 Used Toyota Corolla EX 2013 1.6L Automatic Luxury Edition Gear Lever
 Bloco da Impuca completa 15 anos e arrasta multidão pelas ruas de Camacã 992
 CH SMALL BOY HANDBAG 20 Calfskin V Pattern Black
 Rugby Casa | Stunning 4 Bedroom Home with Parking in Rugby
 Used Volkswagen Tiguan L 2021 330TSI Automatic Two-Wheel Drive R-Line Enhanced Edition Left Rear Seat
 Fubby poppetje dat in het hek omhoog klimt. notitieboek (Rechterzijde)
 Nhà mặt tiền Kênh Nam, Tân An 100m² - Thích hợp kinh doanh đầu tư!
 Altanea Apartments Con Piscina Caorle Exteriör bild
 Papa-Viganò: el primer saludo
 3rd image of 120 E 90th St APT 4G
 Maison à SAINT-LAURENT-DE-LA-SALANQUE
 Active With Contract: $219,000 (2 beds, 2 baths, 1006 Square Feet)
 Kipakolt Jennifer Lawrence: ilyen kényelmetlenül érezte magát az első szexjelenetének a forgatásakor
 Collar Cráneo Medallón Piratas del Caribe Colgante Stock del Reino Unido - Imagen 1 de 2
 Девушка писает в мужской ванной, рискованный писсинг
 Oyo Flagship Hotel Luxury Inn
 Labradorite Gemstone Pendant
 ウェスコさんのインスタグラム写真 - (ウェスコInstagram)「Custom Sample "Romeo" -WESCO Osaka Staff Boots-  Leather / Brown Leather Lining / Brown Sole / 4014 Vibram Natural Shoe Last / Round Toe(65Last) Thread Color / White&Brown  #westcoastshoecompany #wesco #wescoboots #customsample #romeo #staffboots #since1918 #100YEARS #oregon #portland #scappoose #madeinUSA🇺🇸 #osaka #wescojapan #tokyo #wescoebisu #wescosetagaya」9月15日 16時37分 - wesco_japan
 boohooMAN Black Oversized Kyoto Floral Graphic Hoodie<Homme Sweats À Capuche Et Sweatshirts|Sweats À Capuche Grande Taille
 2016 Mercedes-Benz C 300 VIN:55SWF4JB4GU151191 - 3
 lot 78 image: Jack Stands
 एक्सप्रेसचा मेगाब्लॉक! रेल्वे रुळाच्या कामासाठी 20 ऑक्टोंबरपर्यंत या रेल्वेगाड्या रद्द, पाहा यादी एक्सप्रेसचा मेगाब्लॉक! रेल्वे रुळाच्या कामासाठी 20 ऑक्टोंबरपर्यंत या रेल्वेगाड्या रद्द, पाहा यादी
┄┄┄┄┄┄┄┄┄┄┄┄┄┄┄┄┄┄┄┄
EXERCISE INSTRUCTIONS
Would you transcribe the listing word for word?

FINISHED EXERCISE
 Used Toyota Corolla EX 2013 1.6L Automatic Luxury Edition Gear Lever
 Bloco da Impuca completa 15 anos e arrasta multidão pelas ruas de Camacã 992
 CH SMALL BOY HANDBAG 20 Calfskin V Pattern Black
 Rugby Casa | Stunning 4 Bedroom Home with Parking in Rugby
 Used Volkswagen Tiguan L 2021 330TSI Automatic Two-Wheel Drive R-Line Enhanced Edition Left Rear Seat
 Fubby poppetje dat in het hek omhoog klimt. notitieboek (Rechterzijde)
 Nhà mặt tiền Kênh Nam, Tân An 100m² - Thích hợp kinh doanh đầu tư!
 Altanea Apartments Con Piscina Caorle Exteriör bild
 Papa-Viganò: el primer saludo
 3rd image of 120 E 90th St APT 4G
 Maison à SAINT-LAURENT-DE-LA-SALANQUE
 Active With Contract: $219,000 (2 beds, 2 baths, 1006 Square Feet)
 Kipakolt Jennifer Lawrence: ilyen kényelmetlenül érezte magát az első szexjelenetének a forgatásakor
 Collar Cráneo Medallón Piratas del Caribe Colgante Stock del Reino Unido - Imagen 1 de 2
 Девушка писает в мужской ванной, рискованный писсинг
 Oyo Flagship Hotel Luxury Inn
 Labradorite Gemstone Pendant
 ウェスコさんのインスタグラム写真 - (ウェスコInstagram)「Custom Sample "Romeo" -WESCO Osaka Staff Boots-  Leather / Brown Leather Lining / Brown Sole / 4014 Vibram Natural Shoe Last / Round Toe(65Last) Thread Color / White&Brown  #westcoastshoecompany #wesco #wescoboots #customsample #romeo #staffboots #since1918 #100YEARS #oregon #portland #scappoose #madeinUSA🇺🇸 #osaka #wescojapan #tokyo #wescoebisu #wescosetagaya」9月15日 16時37分 - wesco_japan
 boohooMAN Black Oversized Kyoto Floral Graphic Hoodie<Homme Sweats À Capuche Et Sweatshirts|Sweats À Capuche Grande Taille
 2016 Mercedes-Benz C 300 VIN:55SWF4JB4GU151191 - 3
 lot 78 image: Jack Stands
 एक्सप्रेसचा मेगाब्लॉक! रेल्वे रुळाच्या कामासाठी 20 ऑक्टोंबरपर्यंत या रेल्वेगाड्या रद्द, पाहा यादी एक्सप्रेसचा मेगाब्लॉक! रेल्वे रुळाच्या कामासाठी 20 ऑक्टोंबरपर्यंत या रेल्वेगाड्या रद्द, पाहा यादी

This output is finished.